Beware of interest deductibility when it comes to spousal loans, a taxation expert warned advisors today at a national financial planning conference. New changes from the Canada Revenue Agency (CRA) could thwart clients’ income splitting plans.

“Be careful. It just came out 48 hours ago,” Jamie Golombek, vice president of taxation and estate planning at Aim Funds Management Inc., told an audience at the Canadian Institute of Financial Planners conference in Orlando, Fla. “The Canada Revenue Agency issued an interesting technical interpretation, which could pose a real problem for some people.”

Essentially, the CRA has released a new interpretation of the Tax Act related to spousal loans, a common income splitting strategy. If one spouse earns more than the other, it is common to split the income between the two using a loan with a prescribed interest rate.

For example, Golombek explained, let’s say a person gave their spouse a loan on December 17, 2007 at 4% with interest payable annually and therefore due on Dec. 17 of 2008. Would the interest then be deductible in 2008?

The answer is no, according to the CRA’s new interpretation of the Income Tax Act, Golombek said.
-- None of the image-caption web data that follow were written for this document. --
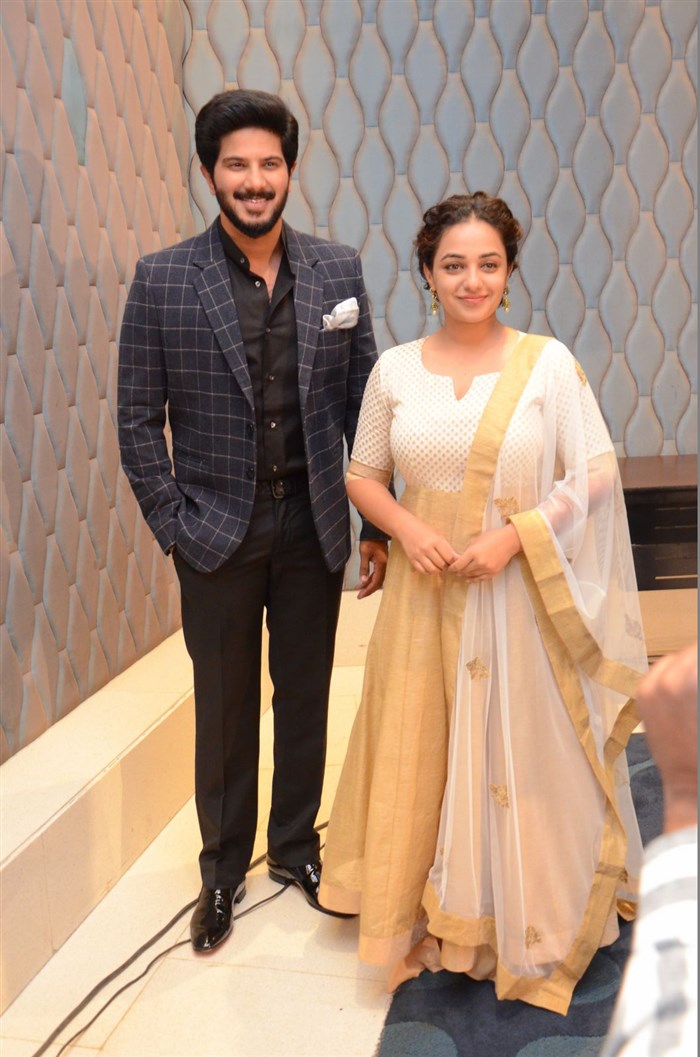 Telugu movie 100 Days of Love Press Meet held in Hyderabad. Celebs like Dulquer Salmaan, Nithya Menen, Bijibal and others graced the event. 100 Days of Love is an upcoming romantic comedy film written and directed by debutant Jenuse Mohamed. The film stars Dulquer Salmaan and Nithya Menen in the lead role. 100 Days of Love Press Meet,100 Days of Love,Telugu movie 100 Days of Love,Dulquer Salmaan,Nithya Menen,Dulquer Salmaan and Nithya Menen,100 Days of Love Press Meet pics,100 Days of Love Press Meet images,100 Days of Love Press Meet photos,100 Days of Lov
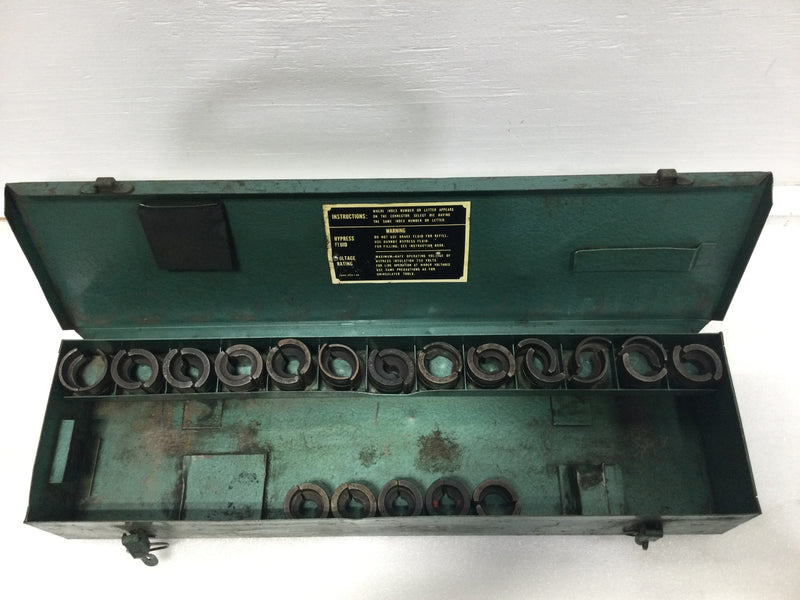 Burndy Y35 Hypress Cable Crimper 12 Ton Press 24 3/4" x 7 1/2"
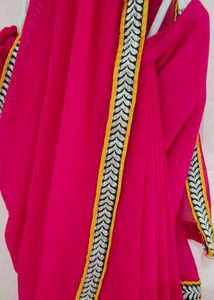 Stunning Pink Saree With Blouse (4-5year)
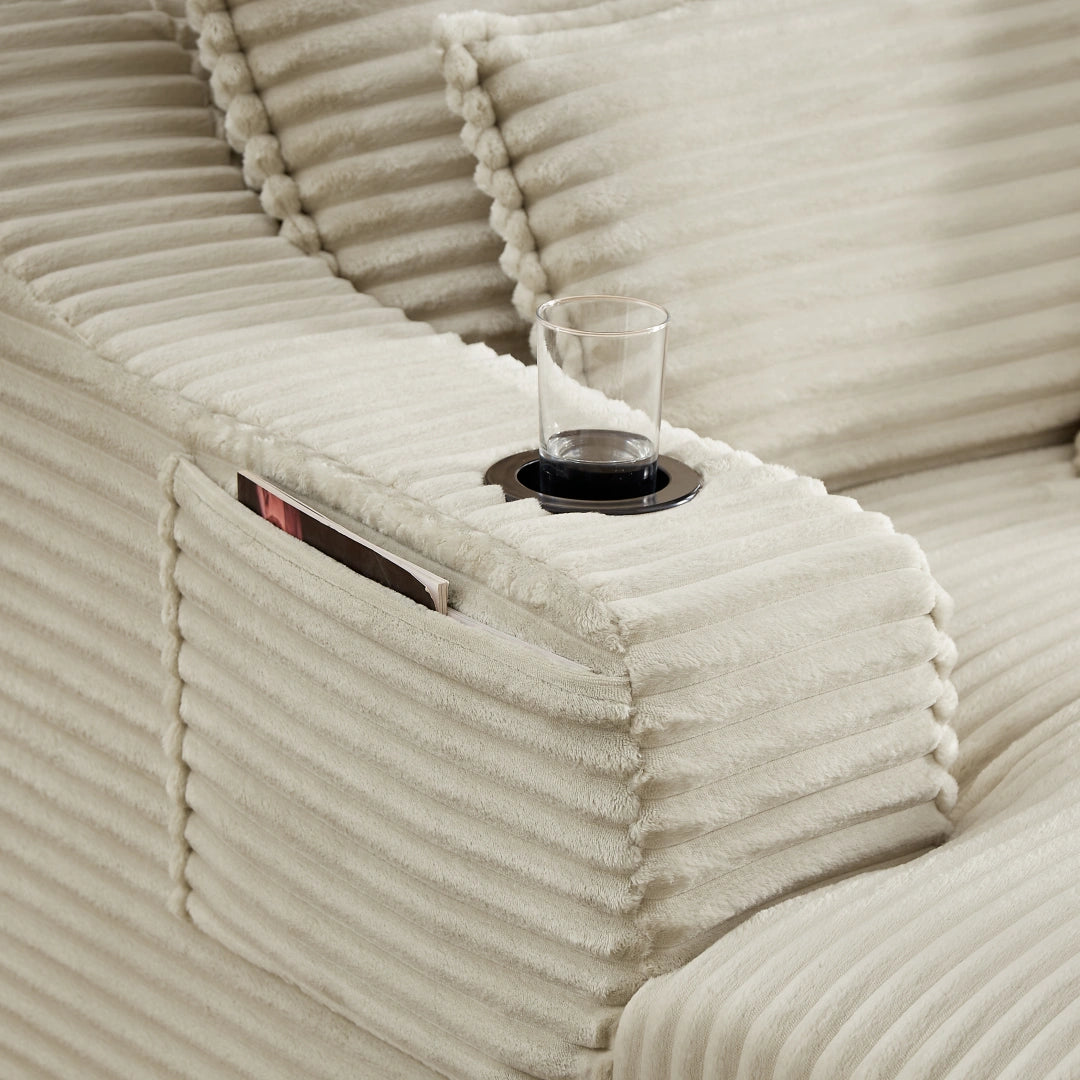 Camel 47.24 inch modern comfortable cushioned compression sofa #6068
“They are looking at a very technical approach,” he told the visibly shocked crowd of planners. Golombek went on to explain the CRA’s new position, which is that the Act states a spouse has to pay the interest within 30 days of the calendar year and the “interest payable in respect of the particular year.” In the example above, the “particular year” of the loan was 2007 and therefore there were 14 days of interest for 2007 and the interest wasn’t paid within the requisite 30 days of the calendar year.

“The CRA says you are offside” in this case, said Golombek. “And therefore the whole income splitting falls apart for the first year and all future years.”

Golombek said he has spoken with two lawyers in the two days since the technical interpretation was released. One told him the new reading was plain wrong, while the other felt it was correct from a technical perspective.

“Beware,” the popular tax expert warned the crowd. “Because this is hot of the press.”